Legal Aid


Parents and relatives that have parental responsibility for children who are the subject of Care Proceedings are entitled to legal aid, enabling them to be represented free of charge whatever their financial circumstances.

Other relatives involved in Care Proceedings and all parties involved in other Public Law Proceedings are only entitled to legal aid if they satisfy certain financial and other criteria.

There have been some recent changes to the financial criteria which means that some people may now be eligible for legal aid who previously were not.

From 28th January 2021 the existing cap on the amount of mortgage debt that can be deducted from the value of the applicant’s main dwelling house will be removed.  After this date, all mortgage debt will be deducted.  This provision will be particularly helpful to applicants with limited equity in their main dwelling house.

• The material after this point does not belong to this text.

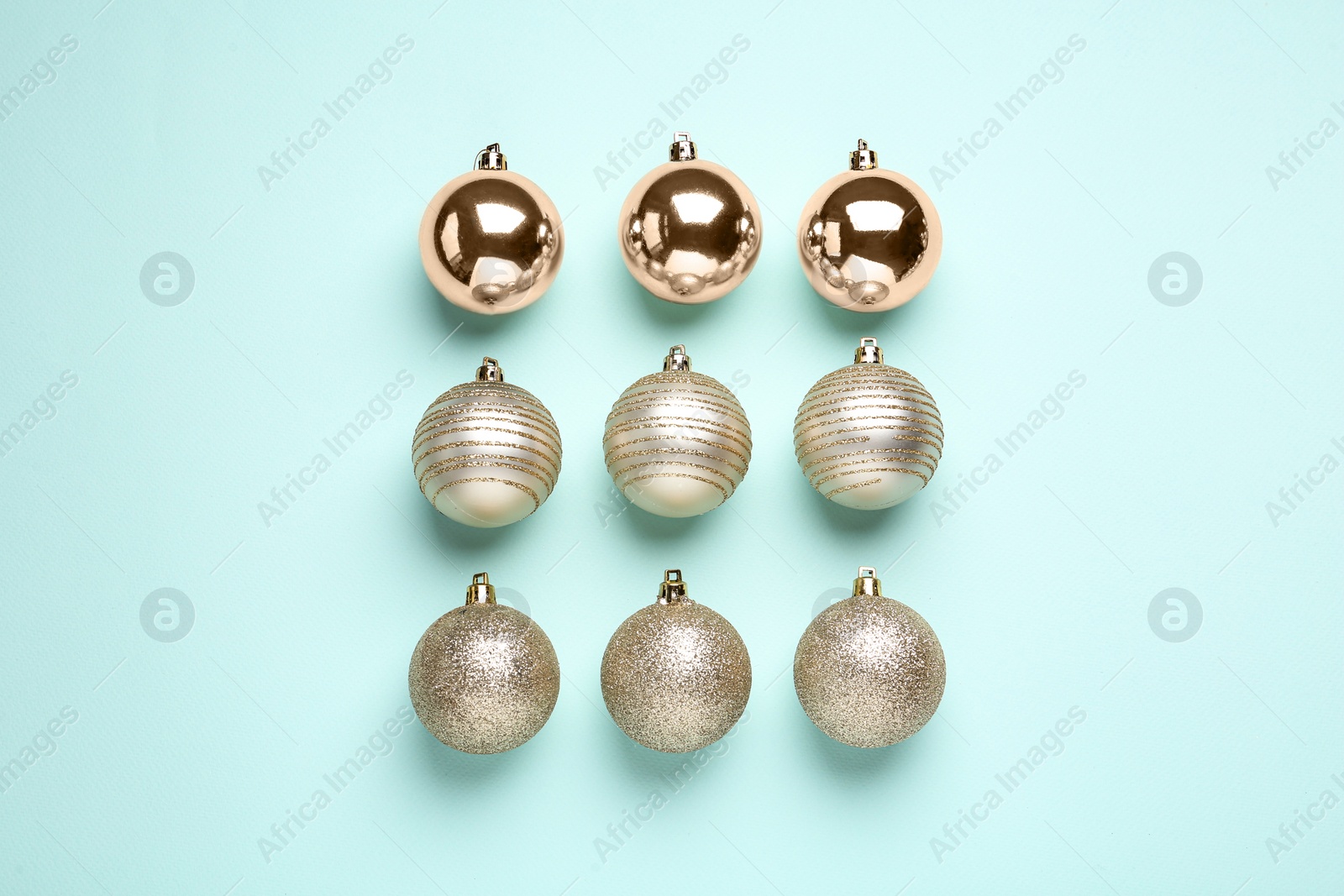 Photo of Shiny Christmas balls on light blue background, flat lay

There have also been some changes to the regulations that mean that claimants of certain compensation schemes are not disadvantaged when applying for legal aid.

There is now a mandatory disregard for payments made under the relevant infected blood schemes of each of the home nations, payments made under the Vaccine Damage Payment Act and compensation for people diagnosed with variant Creutzfeldt-Jakob disease.

In addition, the Legal Aid Agency now has a discretion to disregard payments made from the Criminal Injuries Compensation Scheme, National Emergencies Trust, We Love Manchester Fund and from London Emergencies Trust Fund.

Discretionary disregards continue to apply to payments made to victims of Grenfell Tower Fire introduced in 2017 and to payments from the Windrush Compensation Scheme introduced in 2019.

Whilst the above changes are a step in the right direction, they do not redress the huge cuts to Legal Aid that have taken place in recent years.